- _Activity_: From the entries below, reproduce exactly the line containing "Hotel Amira Istanbul image", the line containing "301 Harris Avenue, Raeford, NC", and every line in between, with nothing added.

- _Given records_:
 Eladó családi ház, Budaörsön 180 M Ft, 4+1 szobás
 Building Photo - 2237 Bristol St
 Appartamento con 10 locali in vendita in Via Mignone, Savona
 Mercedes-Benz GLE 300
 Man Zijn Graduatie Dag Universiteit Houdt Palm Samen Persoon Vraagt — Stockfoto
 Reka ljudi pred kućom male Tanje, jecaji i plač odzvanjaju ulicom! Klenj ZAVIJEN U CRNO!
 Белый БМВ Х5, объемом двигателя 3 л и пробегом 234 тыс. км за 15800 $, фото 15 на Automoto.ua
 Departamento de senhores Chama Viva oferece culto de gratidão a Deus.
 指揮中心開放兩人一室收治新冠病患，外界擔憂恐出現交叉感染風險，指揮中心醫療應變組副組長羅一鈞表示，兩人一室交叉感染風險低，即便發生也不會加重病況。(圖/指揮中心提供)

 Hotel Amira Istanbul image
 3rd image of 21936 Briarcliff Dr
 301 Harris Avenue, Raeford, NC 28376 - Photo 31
...
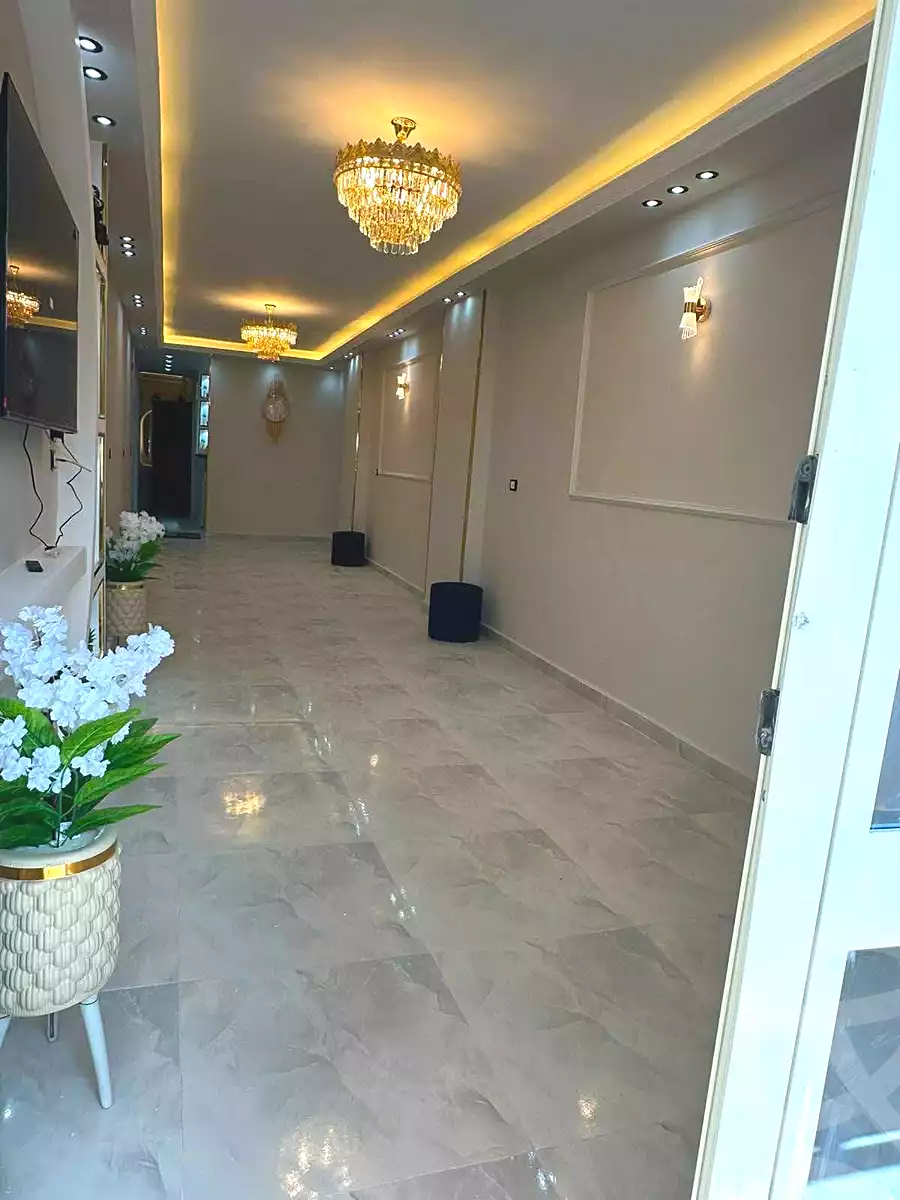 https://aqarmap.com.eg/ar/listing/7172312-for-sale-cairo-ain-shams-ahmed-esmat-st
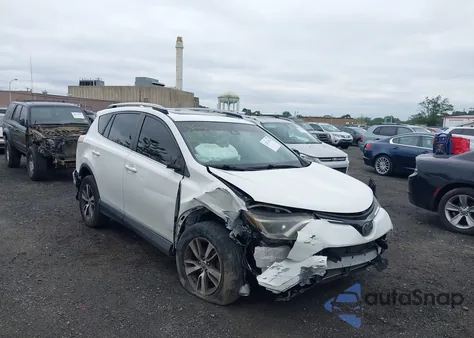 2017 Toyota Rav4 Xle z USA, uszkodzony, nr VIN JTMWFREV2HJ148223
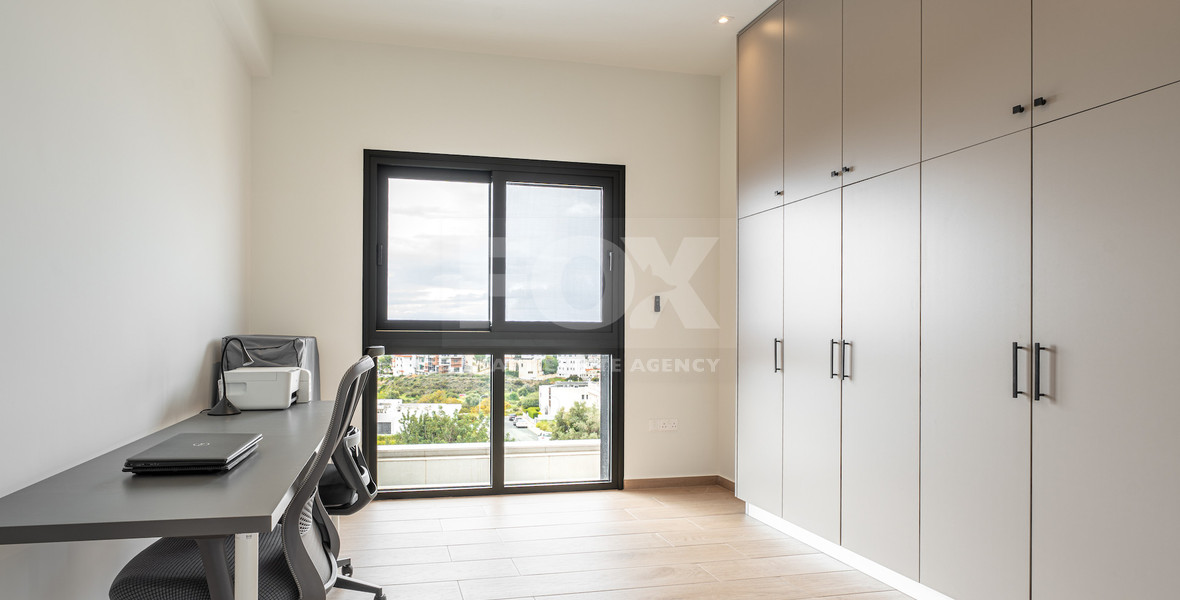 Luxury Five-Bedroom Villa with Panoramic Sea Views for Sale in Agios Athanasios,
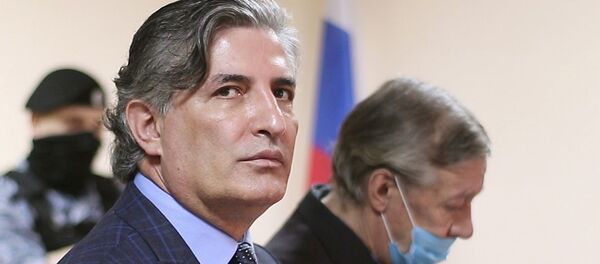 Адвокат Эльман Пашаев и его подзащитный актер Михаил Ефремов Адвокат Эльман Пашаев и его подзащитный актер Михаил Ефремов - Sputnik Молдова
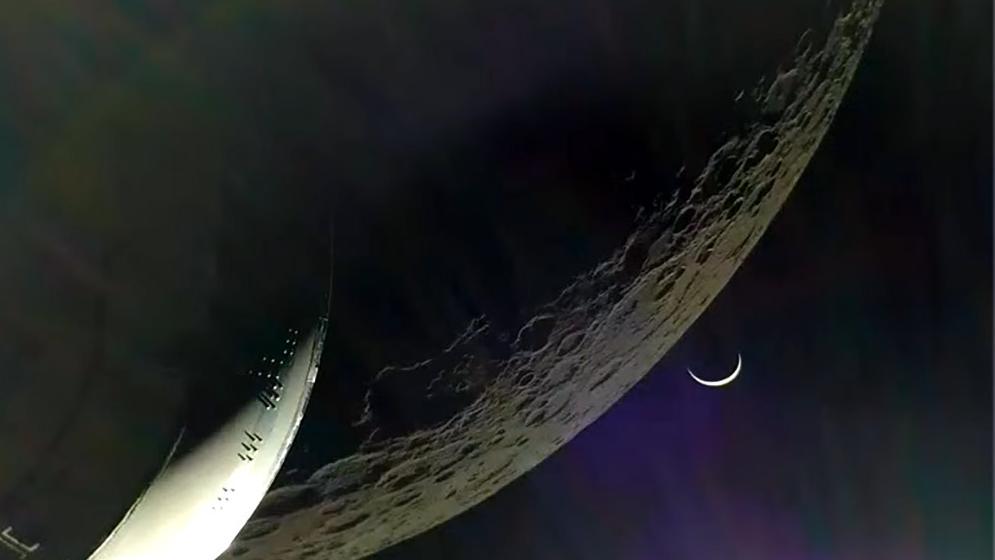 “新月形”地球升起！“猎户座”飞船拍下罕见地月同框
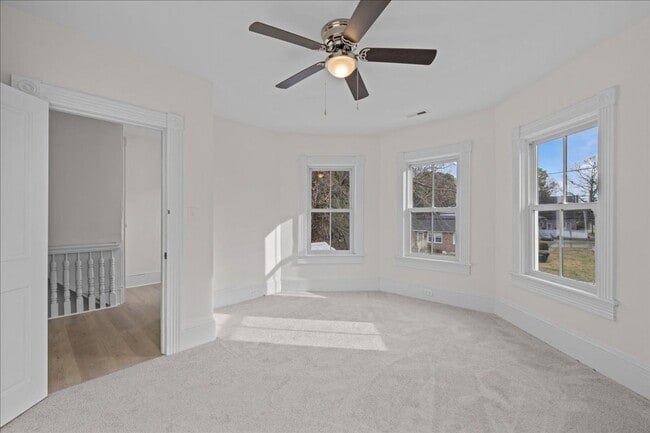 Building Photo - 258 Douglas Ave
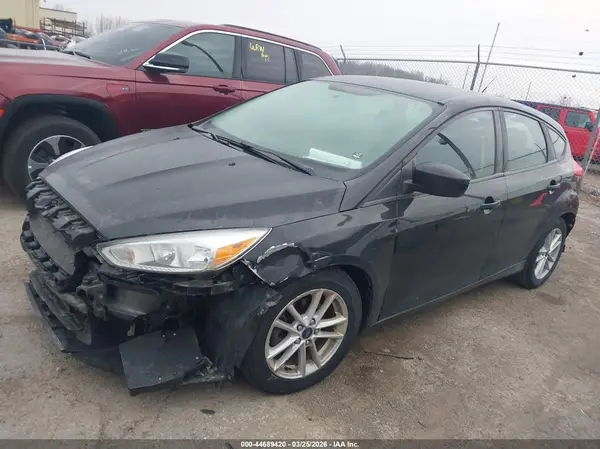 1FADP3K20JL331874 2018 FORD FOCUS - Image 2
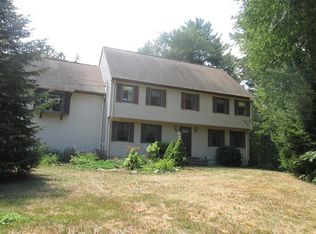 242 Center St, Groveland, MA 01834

- _Worked solution_:
 Hotel Amira Istanbul image
 3rd image of 21936 Briarcliff Dr
 301 Harris Avenue, Raeford, NC 28376 - Photo 31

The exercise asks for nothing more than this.